Are You Eating Enough Fish?

When you think about what to make for dinner, is fish one of the options? It should be. Fish is one of the best natural sources of healthy omega-3 fatty acids, which your body cannot produce and can be obtained only from food. Fish is especially important for pregnant or breastfeeding mothers because of the role it plays in infant brain and eye development (along with the heart-health benefits for moms). It’s unfortunate that many parents avoid feeding fish to their children because of misinformation and unnecessary fears about safety.

Years ago, concerns about the presence of mercury in fish put many people off this exceedingly nutritious food. However, hundreds of studies now show that the health benefits of eating fish and the powerful nutrients it contains far outweigh any potential risk. Fish is affordable, satisfying, a splendid source of protein, and should be included in any healthy diet, at least, a couple of times per week.

Seafood provides not only protein and omega-3 fatty acids but also a host of other essential nutrients such as B vitamins, vitamin D, iron, and selenium. It contributes not only to heart and brain health but also to a healthy weight and overall physical health.

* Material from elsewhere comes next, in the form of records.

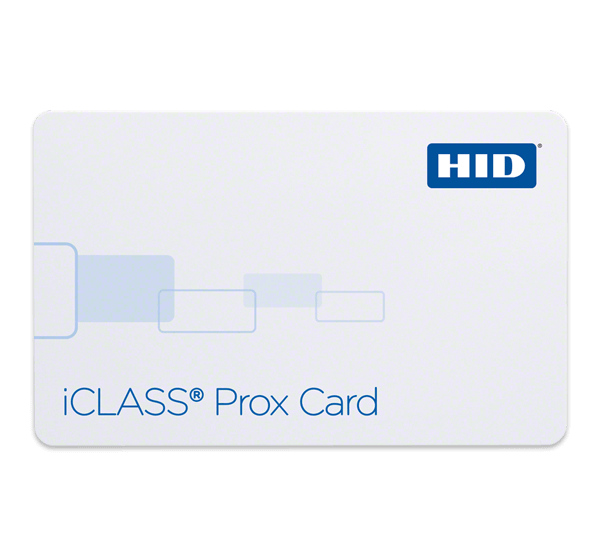 HID 202X iClass Prox Card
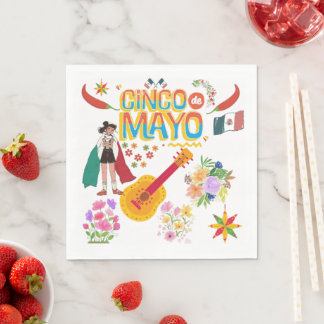 Cinco De Mayo Napkins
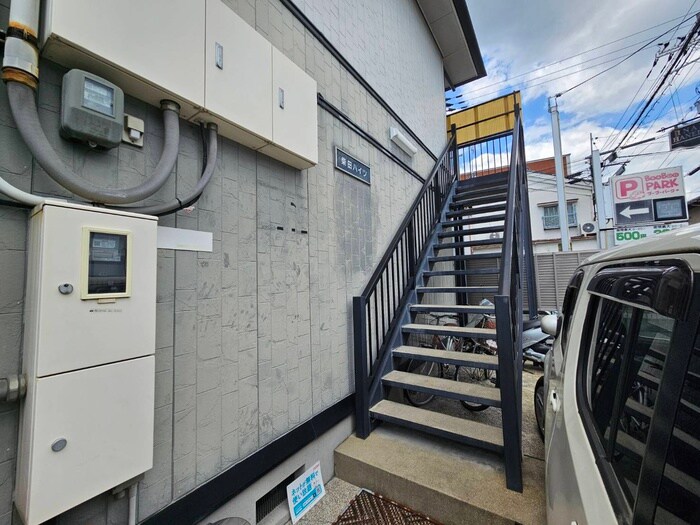 柴田ハイツの物件外観写真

Most people do not eat anywhere near the recommended amounts of seafood. If you’re among them, don’t worry – it’s easier than you might think to add more fish to your diet. Try substituting any other meat for fish, such as in fish tacos or by adding fish to a pasta dish. Fish is easy to prepare and cooks quickly, so you can serve it as the main course of a weeknight dinner, a weekend brunch, or even as a pack-ahead lunch. And it’s surprisingly versatile – besides the tacos and pasta as mentioned earlier, you can also add it to rice, salad, or any number of other healthy dishes.

Hate fish? You can still usually manage to consume more of it. Try mild fish such as flounder, catfish, or tilapia. Shrimp is often palatable even to those who don’t like the taste of fish. You can also disguise the flavour of your fish with other strong flavours, spices, or sauces. Finally, try grilling fish outdoors; this gives it a different savour than baking or broiling and keeps the fishy smell out of your kitchen.